Johannesburg - When Brenda Fassie came to life again on Sunday in Newtown, it was with the help of the same technique the Victorians used to create apparitions.

Peter Blond, the creative director at Omage, who worked on the project to bring Brenda to life, said the technology was not especially new, just a bit more clever these days.

The technology was developed in the mid-19th century, using a method called Pepper's Ghost, he said. It is the same technology Disney uses in their haunted house rides, and was developed by Professor John Pepper, using reflected light to trick stage audiences.

It was also used to bring rapper Tupac Shakur to life to perform with Snoop Dogg and Dr Dre at the Coachella Valley Music and Arts Festival.

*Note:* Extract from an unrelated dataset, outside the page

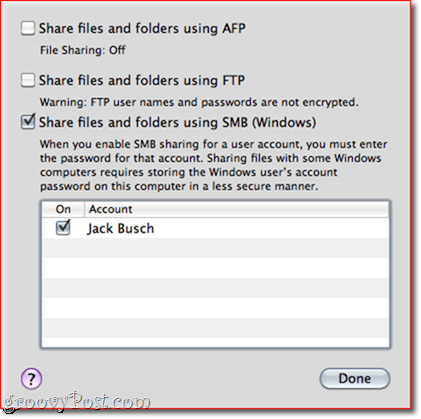 Совместное использование файлов и папок OS X - Windows 7
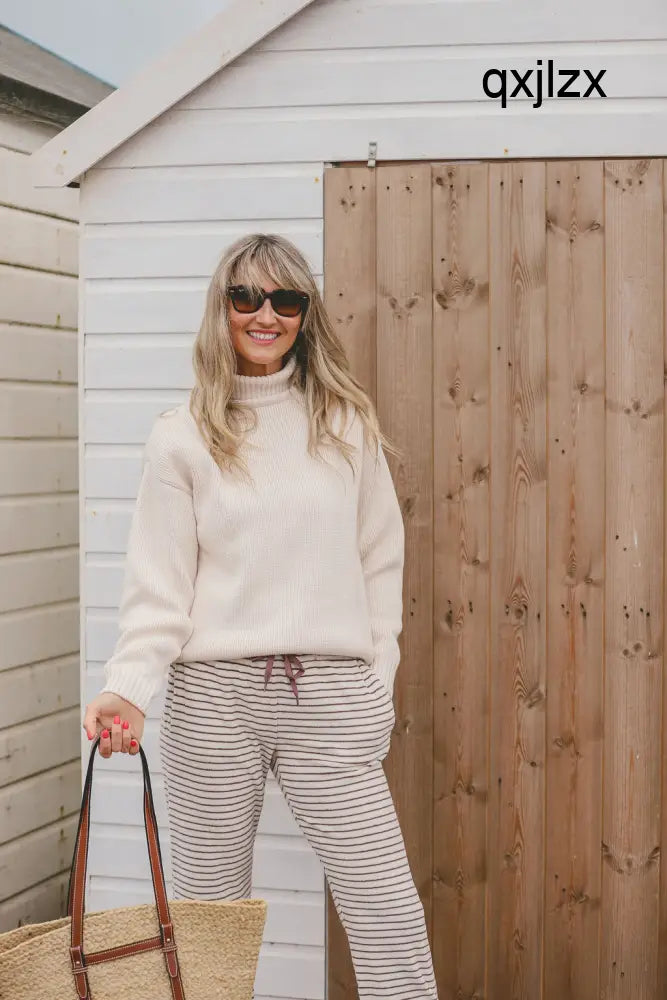 Womens Striped Towelling Wide Leg Jogging Bottoms | Chocolate & Cream - Womens Jogging Bottoms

Fassie, who died in 2004, was brought to life at the Hansa Pilsner Festival of Legends in Newtown this weekend – the first such concert in Africa.

Big production

The team of audiovisual experts reportedly needed six weeks and more than R1?million to create a 10-minute video for the show.

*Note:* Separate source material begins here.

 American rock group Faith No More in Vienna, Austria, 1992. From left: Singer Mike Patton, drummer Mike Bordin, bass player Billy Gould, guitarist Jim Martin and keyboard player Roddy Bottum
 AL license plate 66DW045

Fassie's projection sang alongside her son, Bongani, who said it was great to have another chance to perform with his mum.

"I can't even remember when my last performance with her was. It was so long ago," he said.

The footage for the projection was shot using an actress to perform two of MaBrr's most popular songs.

The actress was made up and dressed in a replica of Fassie's famous sequined blue jumpsuit.

Fassie's real voice and performance was imprinted on the visuals, which were then projected to create the image.

'Not a real hologram'

Blond said: "But it isn't a real hologram. It is an illusion of a compilation of 2D images projected at angles to form a 3D image."

Creating the "hologram" requires two rooms: a main room or a stage, and an adjacent, hidden room.

The 2D footage of Fassie was projected in the hidden room from a series of high-powered projectors.

The video is then bounced off the surface on to a reflective surface at a 45-degree angle.

On stage, the surface reflects the projections from the hidden room so that it appears Fassie is actually there.

But clever engineers do not use glass as the surface anymore.

They have switched to a patented cling film-like substance, called Mylar foil, which makes the image clearer.

The foil, which had to be imported from the UK, is incredibly thin, so no drop shadow is produced when objects are projected on to it.

It also allows more light in to create more lifelike images.

"Brenda's music was the soundtrack for the lives of many in the 80s and 90s," said Hansa general manager Khensani Nobanda.

"It looks like Brenda herself is (again) taking control of the stage in her trademark, disco queen way."